Problem details: Return the lines below exactly, from the first line to the line that contains "ドッキングフリルカットソー". Leave out pictures.

Short descriptive text snippets:
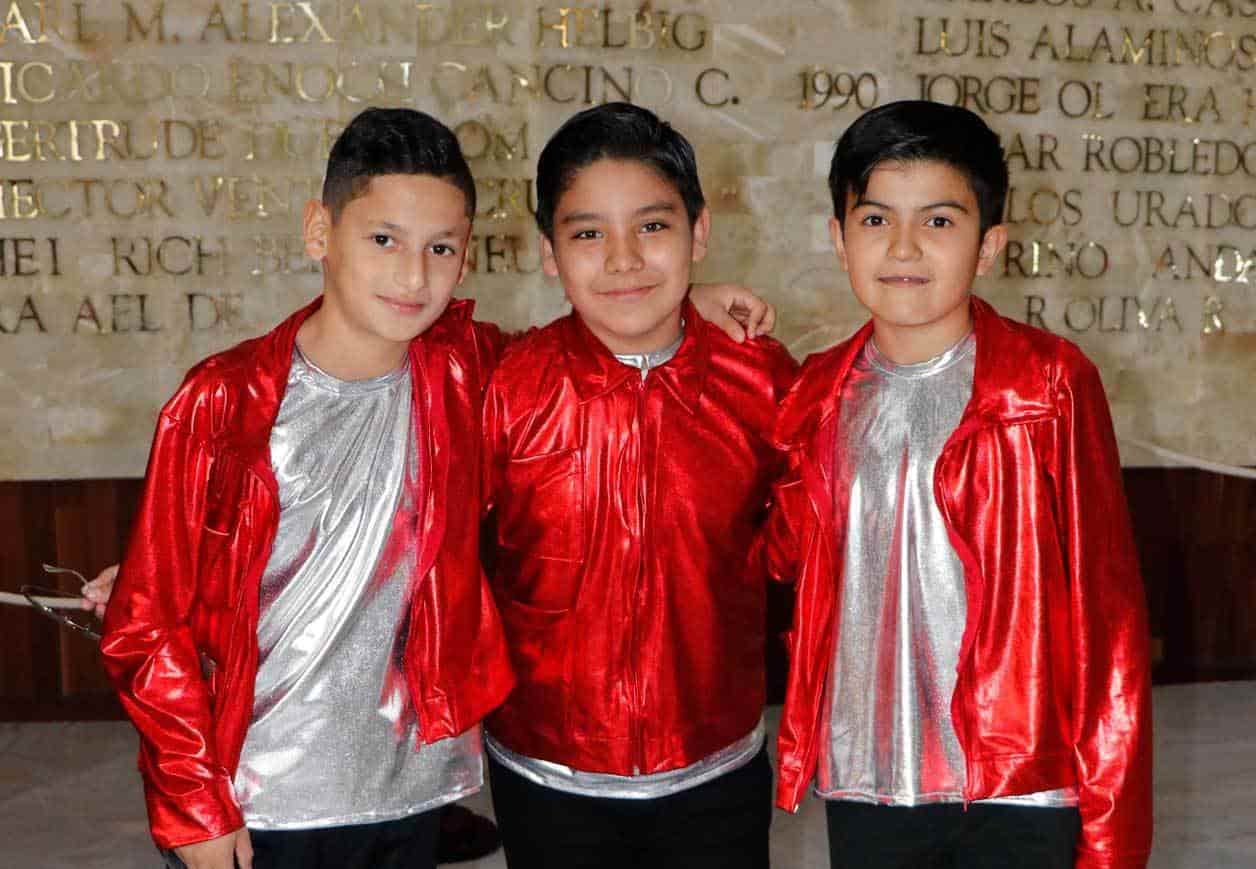 Salvador, Jose´ y Javier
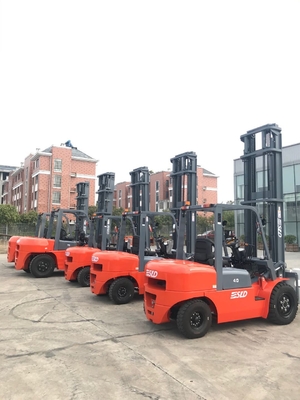 ISUZU ইঞ্জিন 4000kg লোড ইন্ডাস্ট্রিয়াল ফর্কলিফ্ট ট্রাক গুদামের জন্য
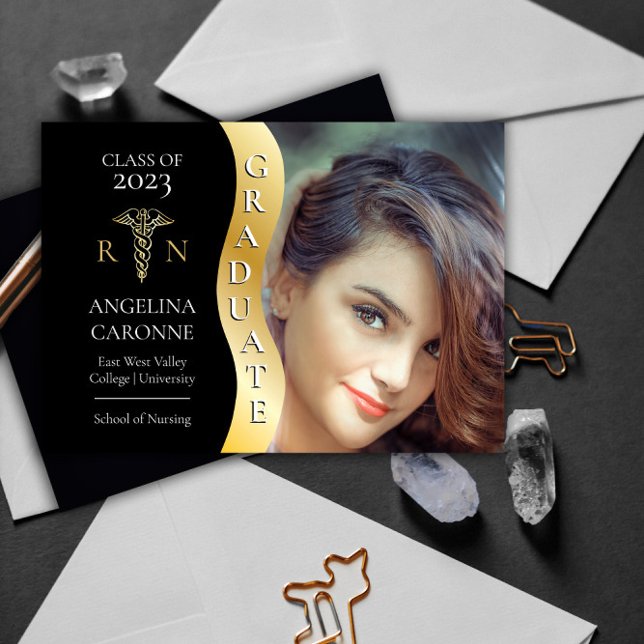 Schwarz |Gold Graduate Wave Caduceus RN Nursing Gr Ankündigung (Von Creator hochgeladen)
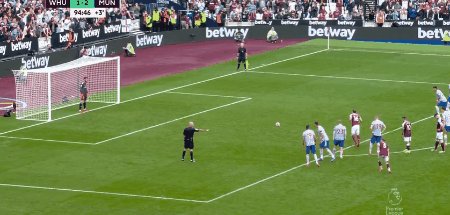 1632063433364065939.gif whu mun 13.gif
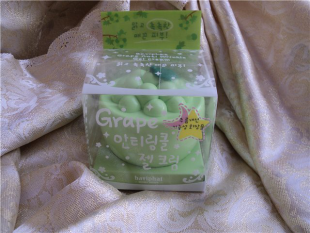 Ночной увлажняющий и укрепляющий крем для лица Grape Anti Wrinkle Gel Cream от Baviphat
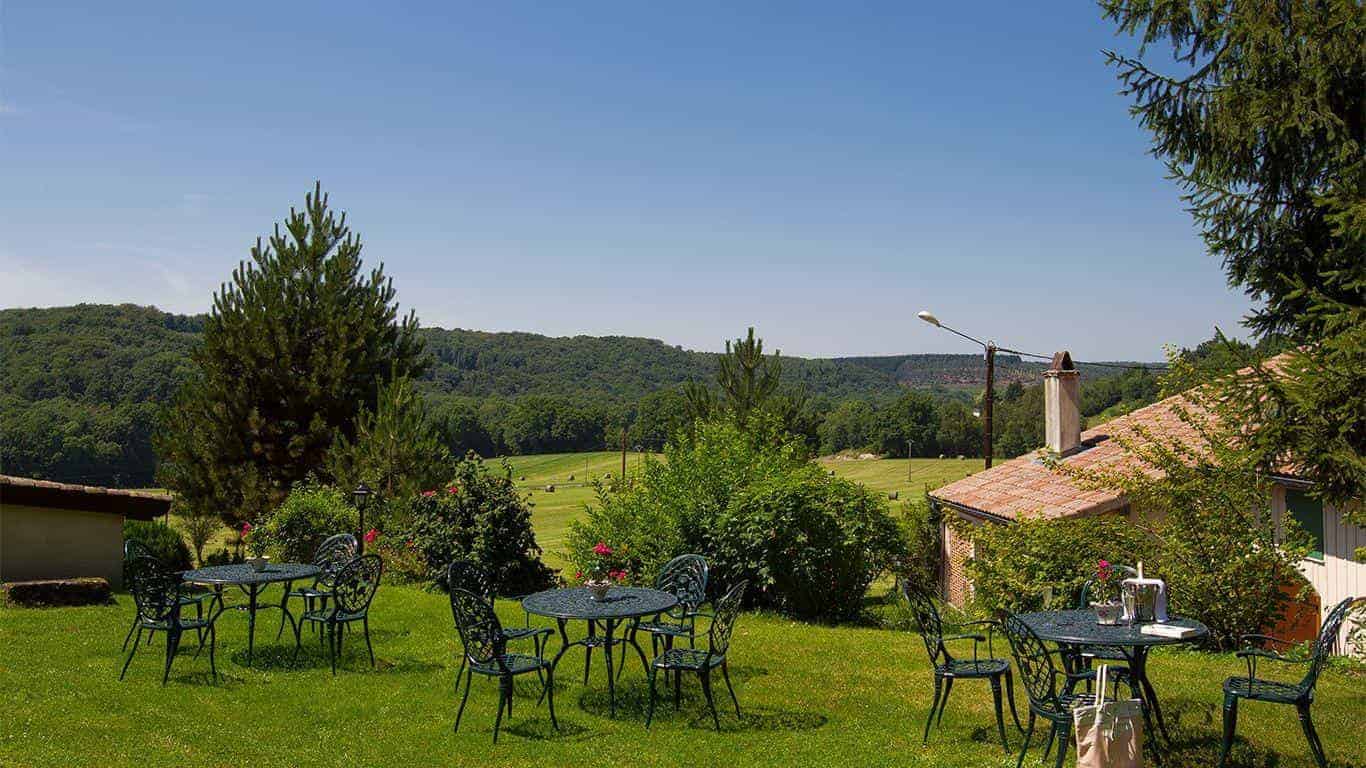 À vendre – Hôtel-Restaurant 3 étoiles de 14 chambres à Futeau – Meuse (55)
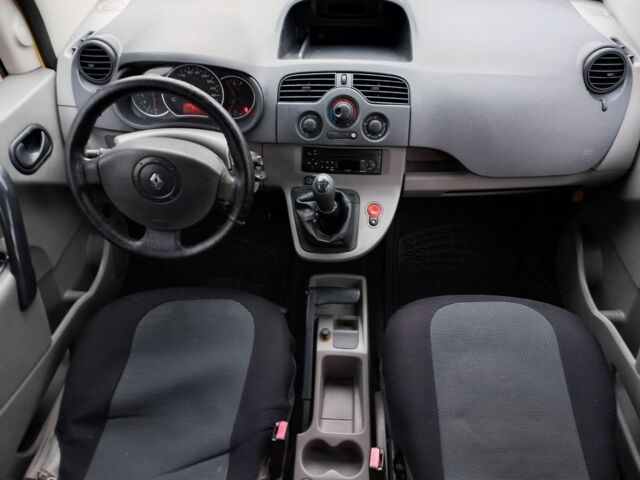 Желтый Рено Кенгу Экспресс, объемом двигателя 1.5 л и пробегом 260 тыс. км за 3700 $, фото 11 на Automoto.ua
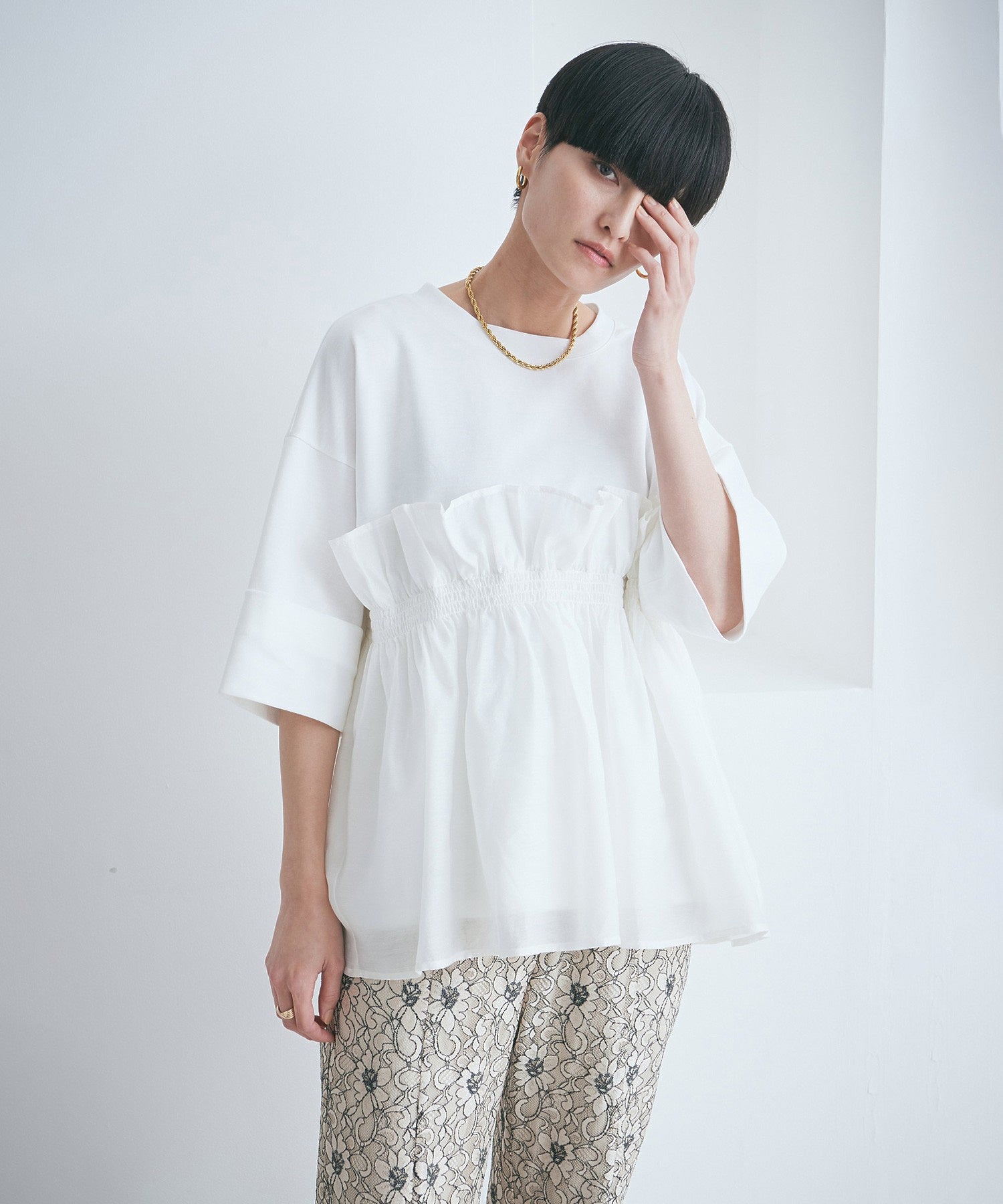 ドッキングフリルカットソー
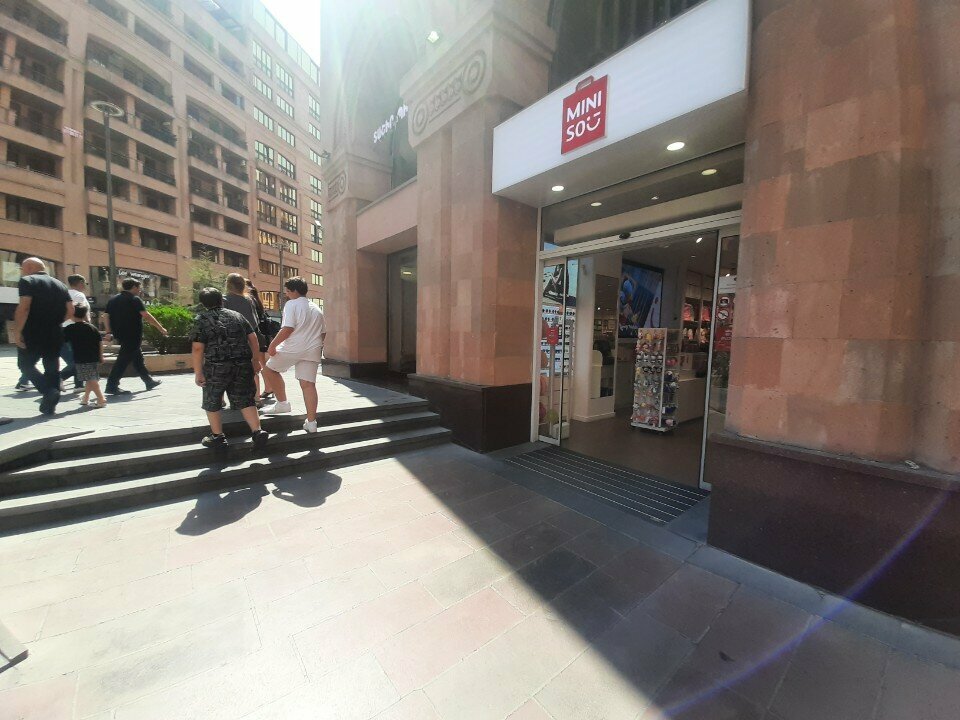 Clothing store Miniso, Yerevan, photo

Solution:
 Salvador, Jose´ y Javier
 ISUZU ইঞ্জিন 4000kg লোড ইন্ডাস্ট্রিয়াল ফর্কলিফ্ট ট্রাক গুদামের জন্য
 Schwarz |Gold Graduate Wave Caduceus RN Nursing Gr Ankündigung (Von Creator hochgeladen)
 1632063433364065939.gif whu mun 13.gif
 Ночной увлажняющий и укрепляющий крем для лица Grape Anti Wrinkle Gel Cream от Baviphat
 À vendre – Hôtel-Restaurant 3 étoiles de 14 chambres à Futeau – Meuse (55)
 Желтый Рено Кенгу Экспресс, объемом двигателя 1.5 л и пробегом 260 тыс. км за 3700 $, фото 11 на Automoto.ua
 ドッキングフリルカットソー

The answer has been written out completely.